TRC’s Nanocrushers at the State Championship

Earlier today, I was a referee at the FIRST Lego League Washington State Championship. The Titan Robotics Club’s Nanocrushers, a team composed of 7th and 8th graders, competed there today, after securing their spot in the championship after achieving the top score at the Issaquah qualifying regional one week ago. Working very well as a team, they were able to score an amazing 355 point out of 400 possible. Two unlucky events conspired to prevent the Nanocrushers from scoring a truly astronomical 395 in one of their three matches. At the end of the day, only one team scored higher, with 360 points. In addition to their great competition play, the Nanocrushers also won the 2nd place Robot Design award. I believe that they were the only team at the competition to win two awards. Not even the State Champion Garden Gothic Lawn Gnomes were able to pull that off.

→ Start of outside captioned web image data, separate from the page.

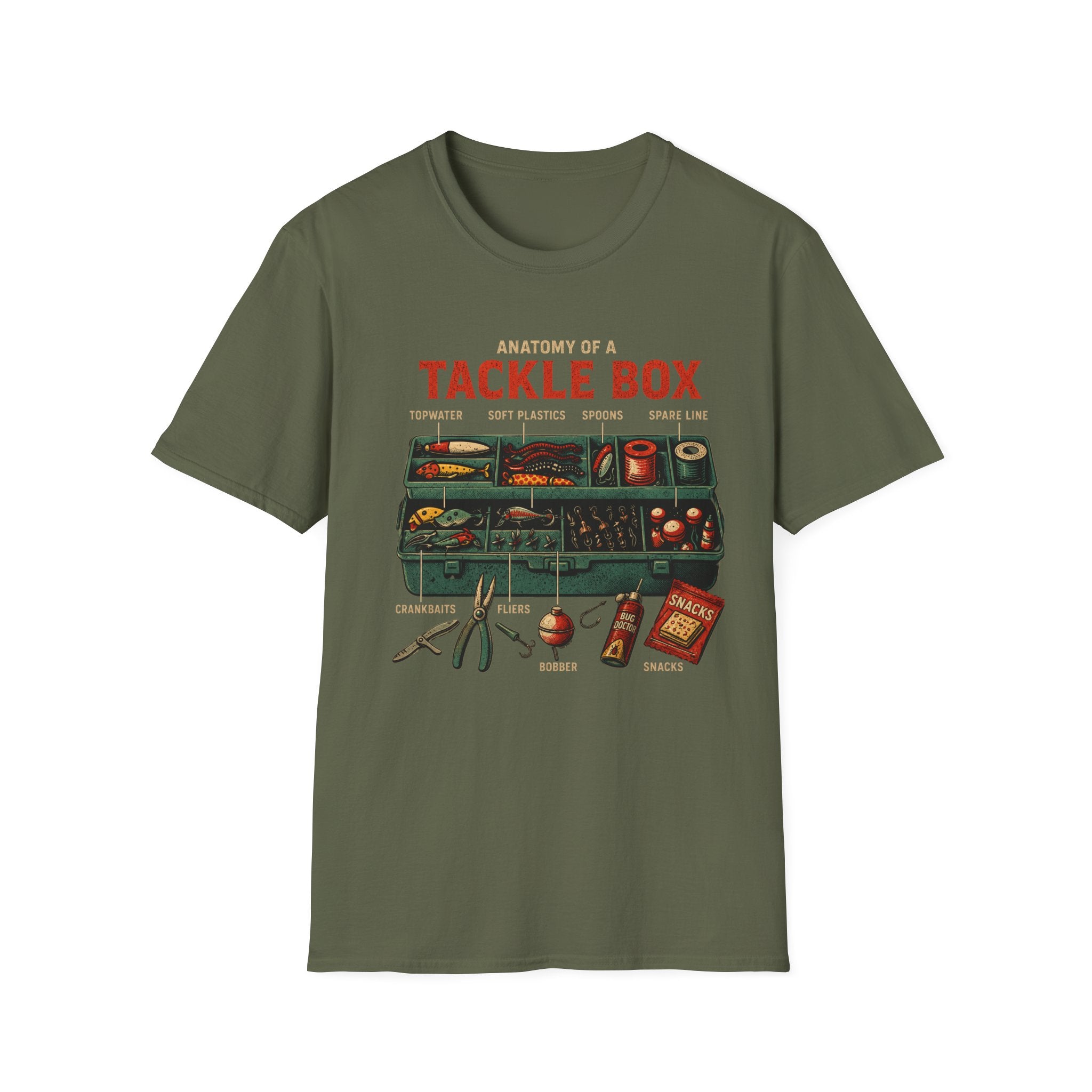 'Anatomy of a Tackle Box' Fishing Gear Graphic Tee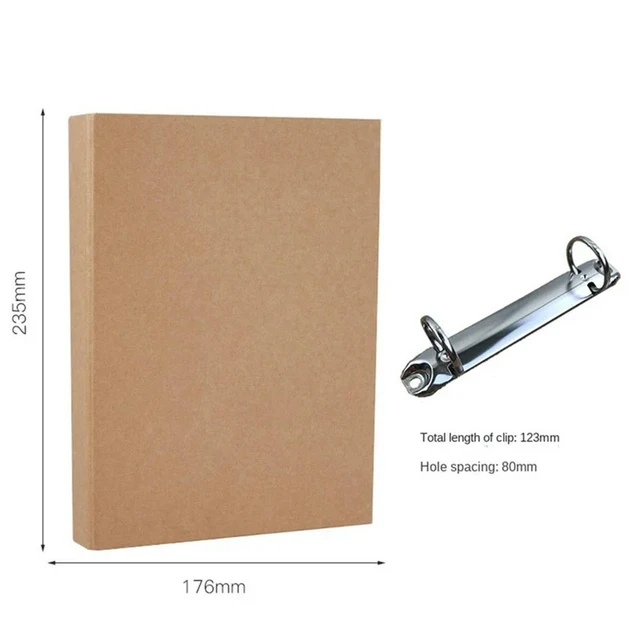 Alt view image 3 of 3 - 2Pcs A5 Refille Ring Binder,A5 Kraft Paper Binder Tray with 2 Rings To Add Loose Sheets,A5 Kraft Paper Folders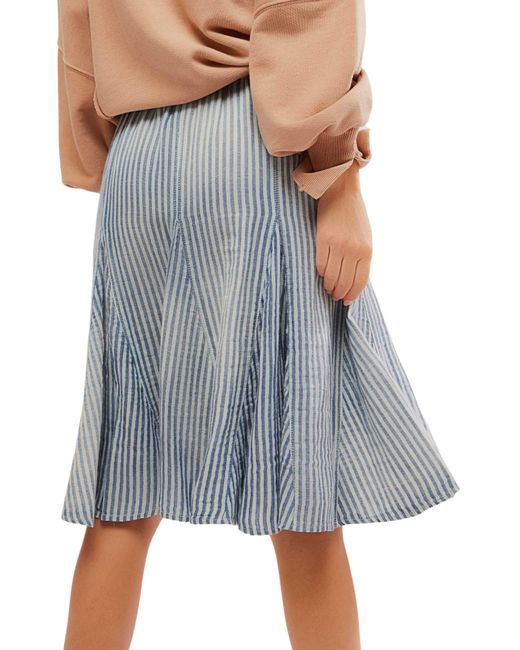 Free People Gray Candace Stripe Cotton & Linen Skirt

Overall, I would say it was a great success, hopefully a portent of great things to come from these kids and the whole Titan Robotics Club. Congratulations to the Nanocrushers!

Things Lost In Atlanta

– Glasses
– Tripod

I just purchased a new tripod. Soon I will purcahase new glasses.

I just consumer whored.

Many Things

A lot has happened since my last real post — not only because my life has been considerably busier than usual, but also because I haven’t made a significant post in quite a while. So, I’m sure to forget something, but here is a synopsis:

– Went on a hike up Mt Teneriffe, near Mt Si, with Dave, Larry, and Tim. Dave, Tim and I summitted (see photos here)
– Took Statistics Midterm
– Went to Atlanta for the 2006 FIRST Robotics Competition Championship (Wednesday-Sunday two weeks ago)
– Talked to police officers while in Atlanta over a misunderstanding about patio usage at a hotel (we happened to be on the patio when someone threw something off, and we apparently got blamed)
– Left Atlanta with no awards, but got to watch some really exciting elimination matches on the Newton field
– Took two midterms my first full day back from Atlanta
– Crashed into a car on my way to work (Monday, one week ago)
– Paid the guy I crashed into for damages
… Guy I crashed into gave me his car (Now we are friends)
– Now I drive that car around
… It has nice cold air conditioning, a radio, and no rear window (my fault) or seats (taken out to carry more stuff by previous owner)
– Got statistics midterm back — 50% (WTF?!)
– Got Bioengineering midterm back — 87%
– Got ML programming assignment back — 20/30 — FACK
– Got ML midterm back — 65/75 — thats about right
– Took Discrete Structures midterm — felt good
– Hiked Rattlesnake Ridge, the long way, with Nick from work
– Won a couple of frisbee games

Preparing For The Championship

The 2006 FIRST Robotics Competition Chamipnship is this week. I leave tomorrow, Wednesday the 26th of April, at 1:30pm for Atlanta, Georgia, where the competition is being held. This means I am missing almost three entire days of class (I’ll make my one Wednesday Morning class). Unfortunately, this is pretty much the worst time ever for me to be gone, as I am also gone during two scheduled midterms, a three-hour lab, two three homework deadlines, the Engineering Open house, and a Men’s frisbee game. So I have been hard at work getting everything that I can done before I leave. One midterm I’m taking early, sandwhiched between my Wednesday morning class and my drive down to the airport (thanks, Mom!). The other midterm I’m taking as soon as I get back, which is the same day as a third midterm, which I am missing the review session for. The homeworks I’ll be turning in tomorrow — although I have yet to finish two of them! Fortunately, Microvision remains very flexible with me and I have tomorrow off (usually an 8-10 hour day) so I can get all of my stuff done for this trip. Speaking of tomorrow, since I’ll be missing my bioengineering lab on Thursday, I’m helping set of for this week’s lab tomorrow mornign. Oh, I’ll also be writing the report for last week’s lab sometime tomorrow or wednesday, and I’ll probablly submit it electronically from Atlanta.

Fun times.

FRC CMP 2006

I have successfully cleared my school schedule and purchased (expensive!) tickets, so I will be headed to Atlanta for the 2006 FIRST Robotics Competition Championship. You heard it here first.